Assignment » Verbatim copy without images: return all of the data as it stands.

(Beginning of Task input)

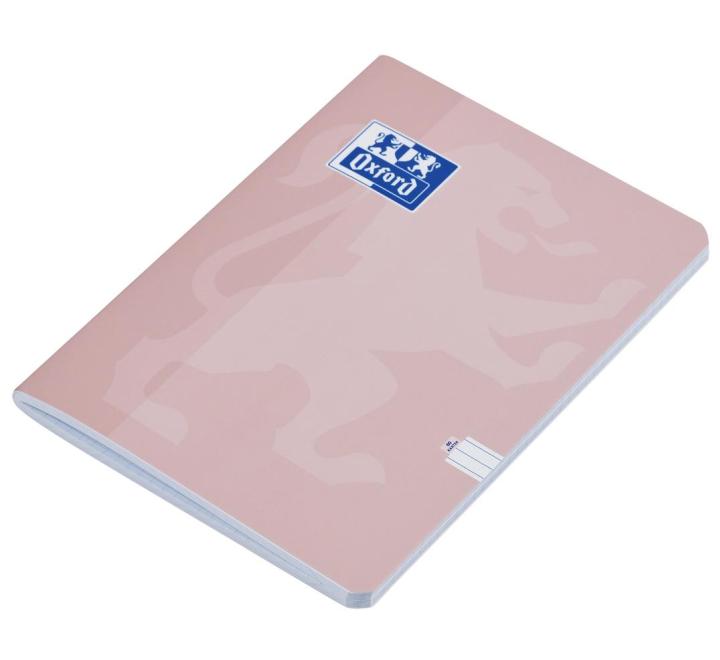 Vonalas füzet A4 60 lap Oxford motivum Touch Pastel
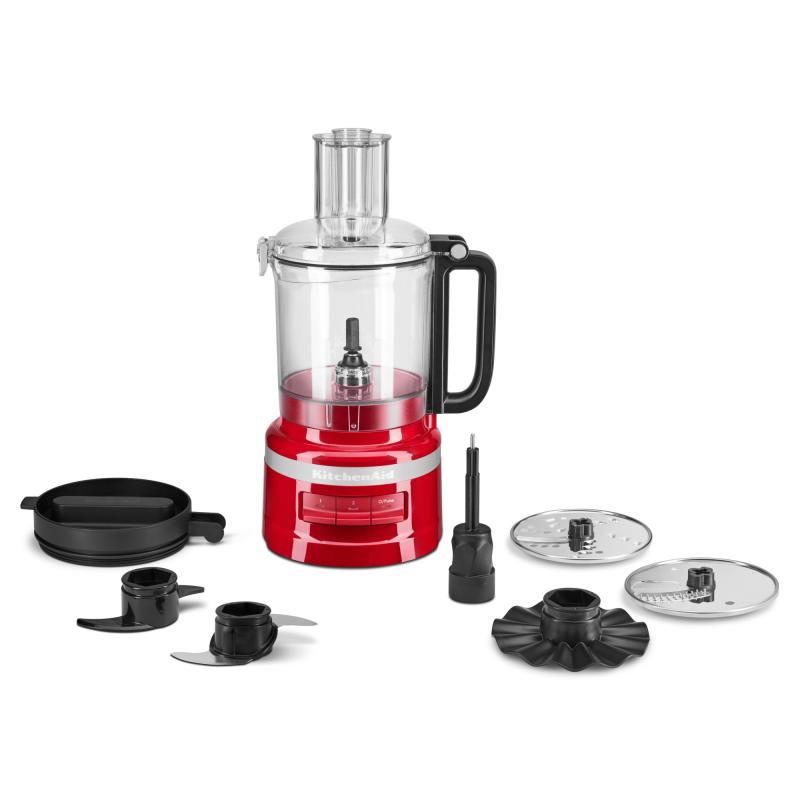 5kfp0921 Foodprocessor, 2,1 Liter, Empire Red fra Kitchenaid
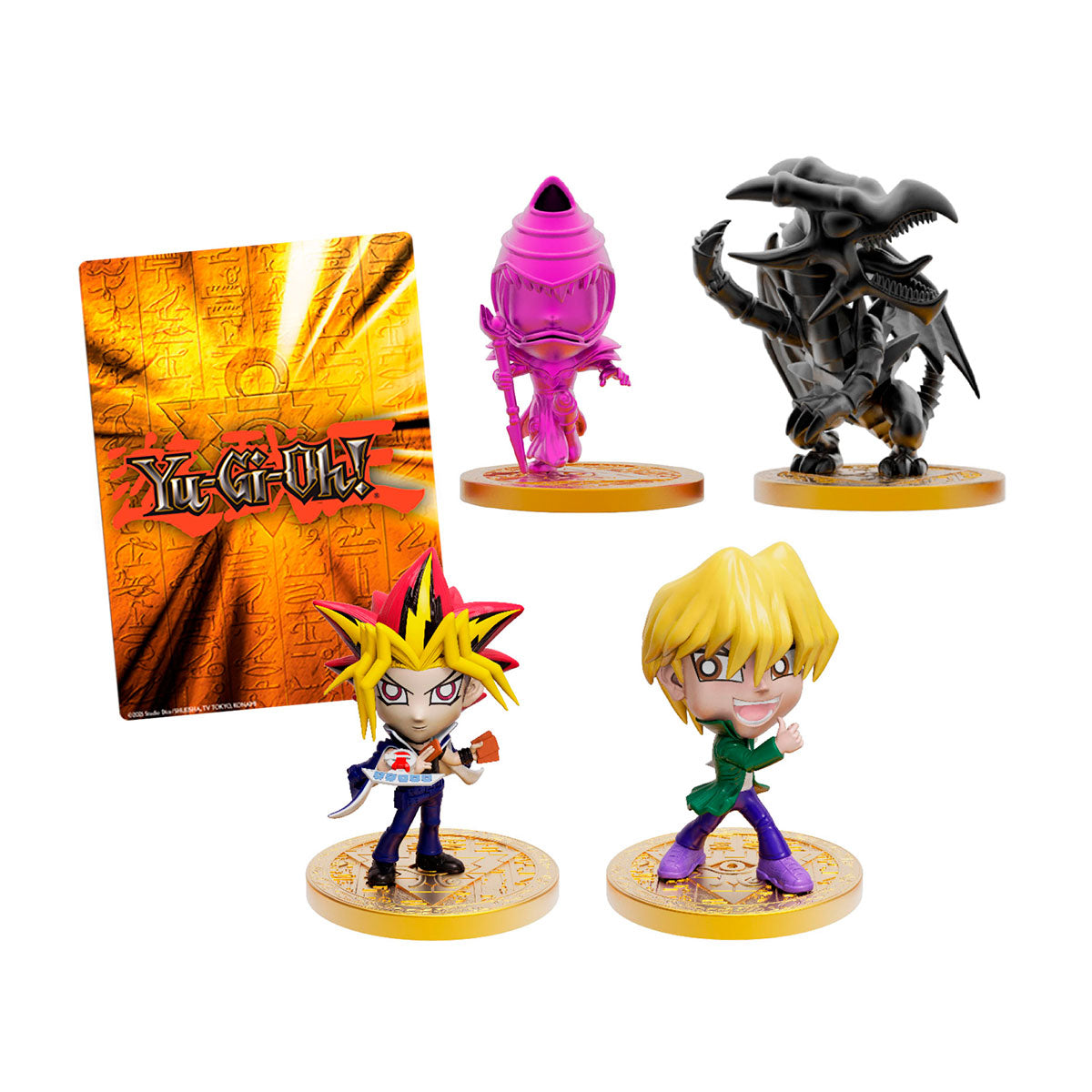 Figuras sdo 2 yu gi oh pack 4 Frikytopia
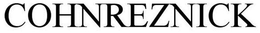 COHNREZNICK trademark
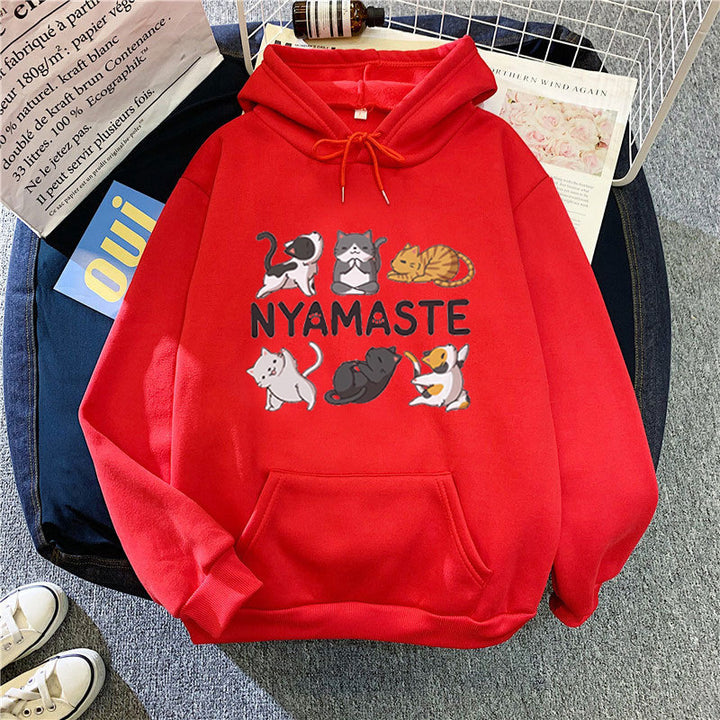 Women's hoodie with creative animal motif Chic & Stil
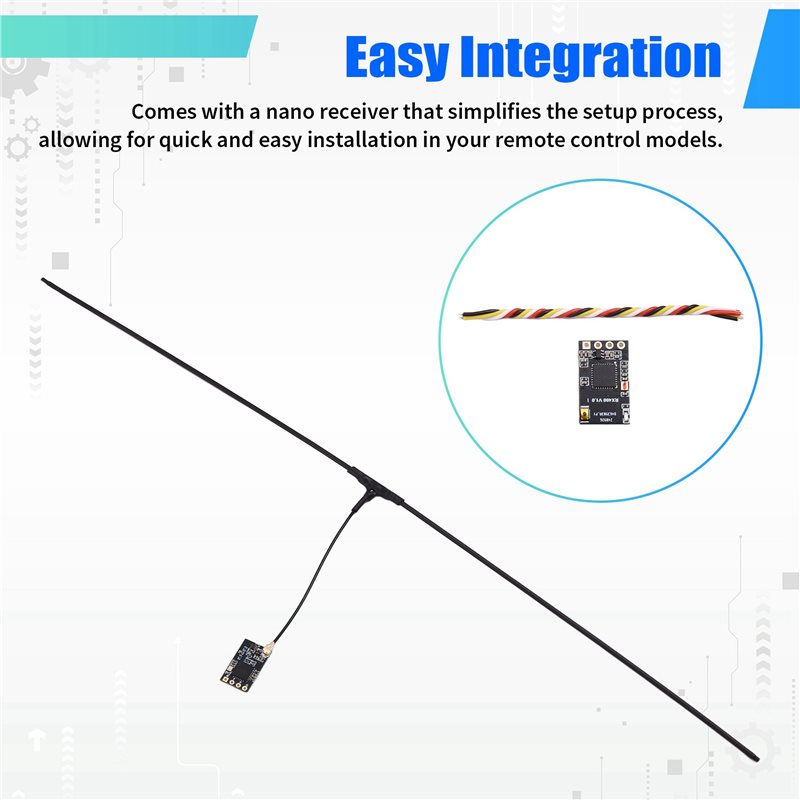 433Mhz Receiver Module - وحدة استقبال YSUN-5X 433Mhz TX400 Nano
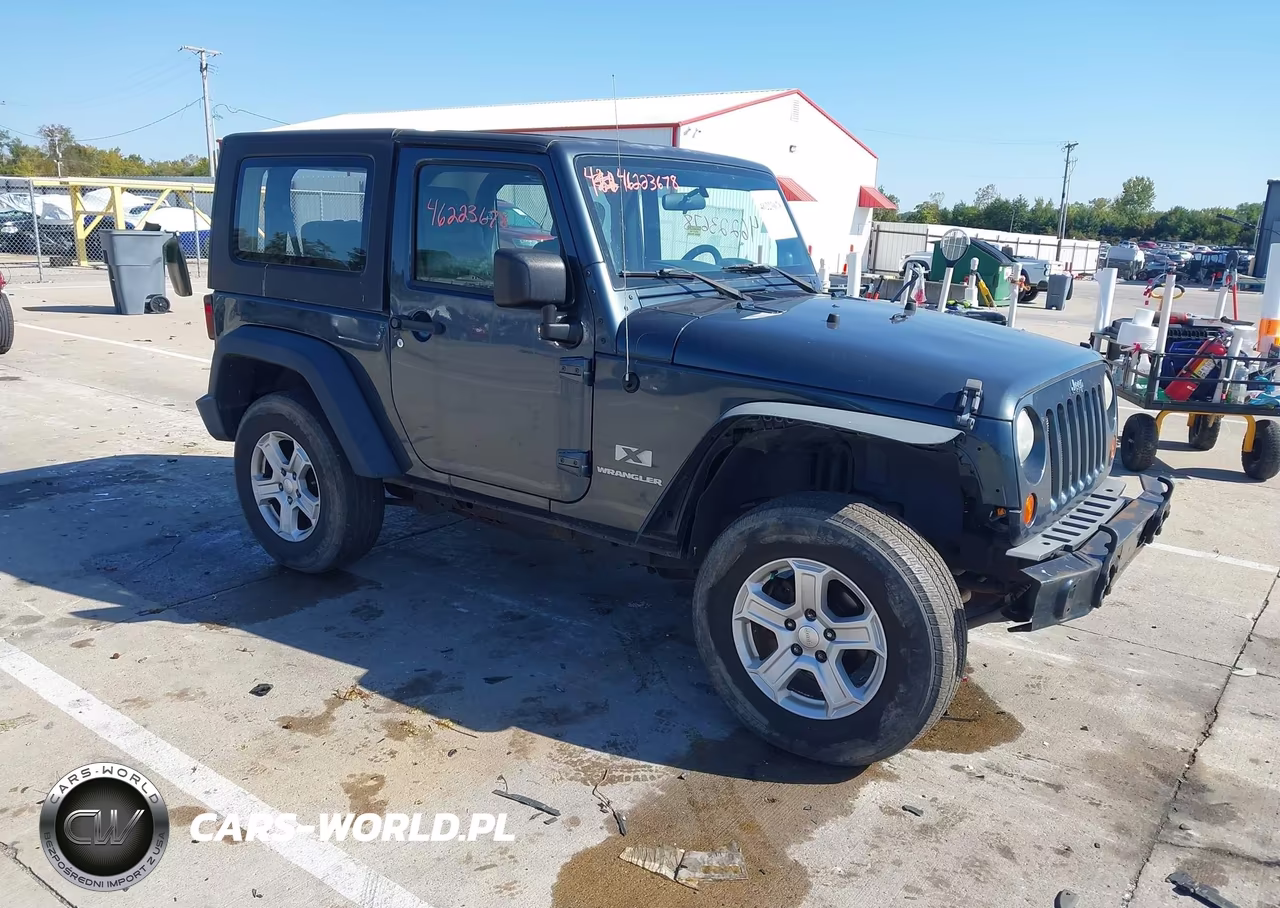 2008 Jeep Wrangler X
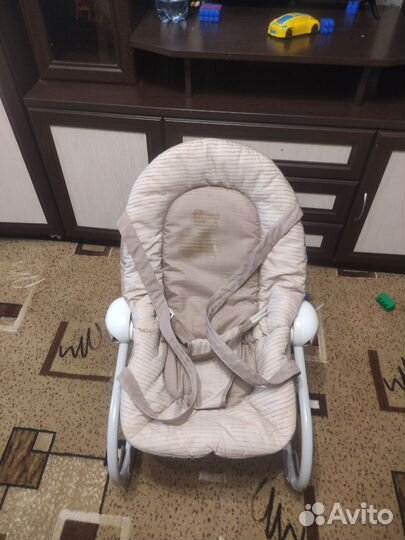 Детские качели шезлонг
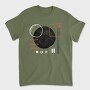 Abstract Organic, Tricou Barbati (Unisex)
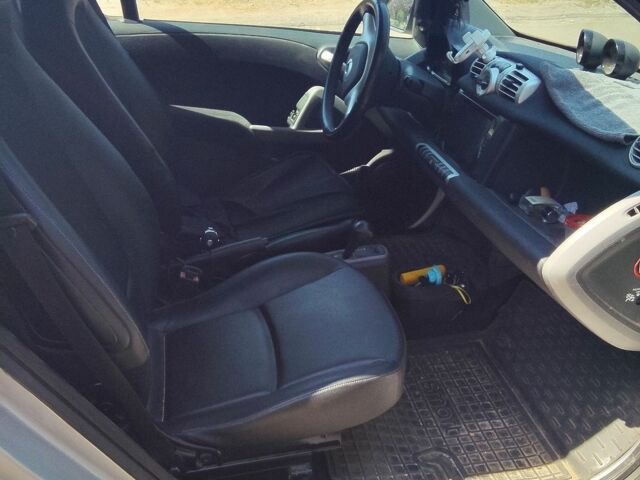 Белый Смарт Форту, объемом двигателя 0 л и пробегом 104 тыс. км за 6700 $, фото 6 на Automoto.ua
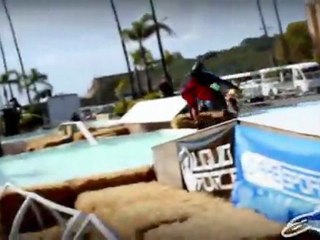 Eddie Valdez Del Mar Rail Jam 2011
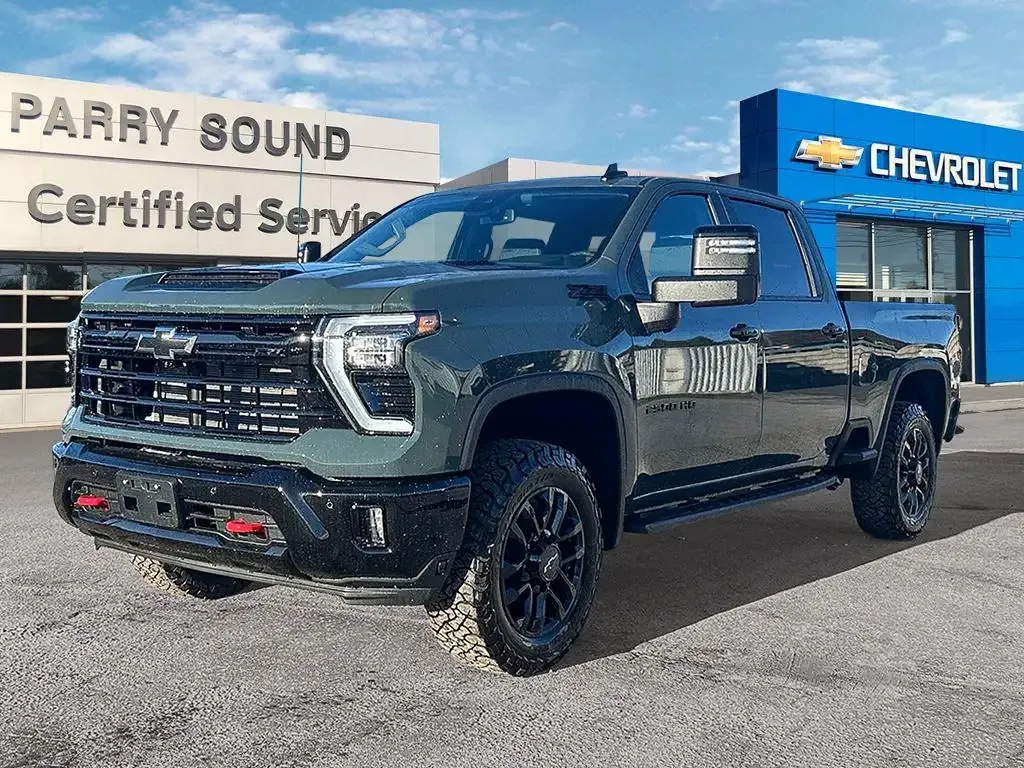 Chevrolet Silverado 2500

(End of Task input)

Written answer »
 Vonalas füzet A4 60 lap Oxford motivum Touch Pastel
 5kfp0921 Foodprocessor, 2,1 Liter, Empire Red fra Kitchenaid
 Figuras sdo 2 yu gi oh pack 4 Frikytopia
 COHNREZNICK trademark
 Women's hoodie with creative animal motif Chic & Stil
 433Mhz Receiver Module - وحدة استقبال YSUN-5X 433Mhz TX400 Nano
 2008 Jeep Wrangler X
 Детские качели шезлонг
 Abstract Organic, Tricou Barbati (Unisex)
 Белый Смарт Форту, объемом двигателя 0 л и пробегом 104 тыс. км за 6700 $, фото 6 на Automoto.ua
 Eddie Valdez Del Mar Rail Jam 2011
 Chevrolet Silverado 2500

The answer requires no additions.